Beruflich Dokumente
Kultur Dokumente
Shallow RNNs
Submitted in partial fulfillment of the requirement for the degree of
MBA-BUSINESS ANALYTICS
Supervisor
Dr. Anurag Chaturvedi
We are sincerely grateful to Dr. Anurag chaturvedi who guided us for the
completion of this report. We would also like to thank our teacher for providing us
with knowledge about the critical aspect of the topics related to this report helping
us whenever needed.
NAMRIT MEHTA
RITIKA
ABSTRACT
Recurrent Neural Networks (RNNs) take away long-term dependence, which is why it is
a key component of standard data sequencing operations. However, the RNN sequence
status means significant cost for long-term sequences even if Hardware supports
similarity. Making long-term dependencies, but acknowledging the similarities,
introducing RNNs that do not appear. In this structure, the first layer separates the input
sequence and uses multiple independent RNNs. The second layer uses the removal of the
first layer using the second RNN thus taking a long lean. We offer theoretical refinement
of our construction under the weak ideas that we affirm on the real world benches. In
addition, we show that with the division of the time series, our process leads to a much
improved RNN time without compromising accuracy. For example, we could incorporate
audio key audio separation into smaller Cortex M4 devices (100MHz processor, 256KB
RAM, no DSP available) that would not be possible using standard RNN models.
Similarly, using ShaRNN in the popular Listen-Attend-Spell (LAS) architecture for
phonetic separation, we can reduce the adhesion to the phonetic separation by 10-12x
while maintaining high accuracy.
INTRODUCTION
We focus on the challenging task of separating time series on small devices, a problem
arising from a few industrial and consumer applications, where small-edge devices make
sense, monitoring and predicting limited time and resources. An illustrative example is
the interactive stick of people with visual impairments, who are able to perceive touches
that are considered to be ear-tracking sensors. A series of time or sequential data
naturally indicates a temporary dependence. Sequential models such as RNNs are well
suited in this context because they can report temporary dependencies by trying to find a
relationship to previous entries. However, applying RNNs directly to predicting the
conditions mentioned above is a challenge. As noted by several authors, the sequence
situation in which RNNs process data basically limits the similarity leading to
significant training costs and costs. In particular, by the division of the time series, at the
time of consideration, the processing time scales with the size, T, of the receiving
window, which is not acceptable in limited resource settings.

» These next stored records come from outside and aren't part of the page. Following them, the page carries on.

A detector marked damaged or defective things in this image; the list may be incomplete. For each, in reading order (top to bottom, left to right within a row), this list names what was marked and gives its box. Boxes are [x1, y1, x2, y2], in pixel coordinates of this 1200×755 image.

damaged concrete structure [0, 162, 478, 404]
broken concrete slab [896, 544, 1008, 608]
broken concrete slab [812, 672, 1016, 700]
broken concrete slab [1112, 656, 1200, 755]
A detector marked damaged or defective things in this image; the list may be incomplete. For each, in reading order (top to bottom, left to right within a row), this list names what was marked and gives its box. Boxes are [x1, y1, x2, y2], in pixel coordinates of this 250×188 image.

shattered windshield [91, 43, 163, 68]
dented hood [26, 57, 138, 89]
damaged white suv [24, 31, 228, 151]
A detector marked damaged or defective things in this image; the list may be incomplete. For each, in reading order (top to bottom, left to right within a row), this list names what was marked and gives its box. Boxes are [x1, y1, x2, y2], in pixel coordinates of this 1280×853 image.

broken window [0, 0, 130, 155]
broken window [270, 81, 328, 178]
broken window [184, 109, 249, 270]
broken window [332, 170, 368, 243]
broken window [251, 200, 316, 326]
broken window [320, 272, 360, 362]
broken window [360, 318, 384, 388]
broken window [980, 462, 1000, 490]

33rd Conference on Neural Information Processing Systems (NeurIPS 2019),
Vancouver, Canada.
The proposed solution in the literature is to replace consecutive processing with
feed-forward and convolutional networks. The main insight used here is that many
systems require less acceptable windows, and that this size can be increased by
tree-sized networks and refined convolutions. However, feedforward / convolutional
networks use large working memory, making it difficult to deploy on smaller devices.

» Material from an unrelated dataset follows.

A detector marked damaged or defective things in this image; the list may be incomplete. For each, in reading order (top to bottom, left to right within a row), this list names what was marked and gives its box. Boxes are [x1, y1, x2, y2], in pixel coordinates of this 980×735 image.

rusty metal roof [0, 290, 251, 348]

For this reason, some methods also do not work in our setting. For example, the function
of finding a standard audio keyword with a decent setup of 32 filters itself will require a
working memory of 500KB and probably more than 32X calculation than the basic
RNN model.
Shallow RNNs. To address these challenges, we create the RNN architecture of a
corresponding / duplicate novel while maintaining the available field length (T) and
basic RNN size. Specifically, we propose 2 simple formats that we call ShaRNN. Both
ShaRNN layers are composed of a set of common neural networks that operate
independently. Specifically, each consecutive data point (reception window) is divided
into independent sections called size k blocks, and the allocated RNN works on each
brick independently, thus ensuring a smaller model size and shorter duplication. That is,
the lower layer of ShaRNN restarts from the original state after all the steps of k ăă T, so
there is a shorter duplication. Results of the same T {k RNNs are included as the second
RNN sequence, which then triggers the prediction
Tq during consideration in the following two settings:
(a) Separation: here we compare the proportions of independent RNNs and thus allow
for the acceleration of many study structures,
(b) Streaming: here we use audio slides and reuse calculations from older slide windows
/ receiving fields.
We also note that, unlike the proposed feed transfer methods or reduced RNN methods,
our proposal accepts fully receiving fields and therefore does not lead to data loss. We
also improved ShaRNN by incorporating it with the latest MI-RNN method to reduce
the size of the receiving windows; we call the emerging method MI-ShaRNN.
While the feedforward layer can be used instead of our RNN in the next layer, those
layers lead to significant growth in model size and RAM performance to be acceptable
for smaller devices.
LITERATURE REVIEW
The author proposes a novel and general architecture that, to the best of my knowledge, has not
been described before. Thus the idea of the "shallow" two layer RNN architecture as well as the
accompanying theoretical analysis and experimental results are all novel. Quality: The claims
appear correct, although I have some confidence in not having missed important issues only for
claim 1 and 2. The experiments are comprehensive and instill confidence in the proposed
architecture and theoretical guarantees. The code they provide appears about average for this
type of research prototypes. Clarity. Most of the paper is clear and easy to follow. There are
however a few typos and sentences that could be improved with some additional proof reading.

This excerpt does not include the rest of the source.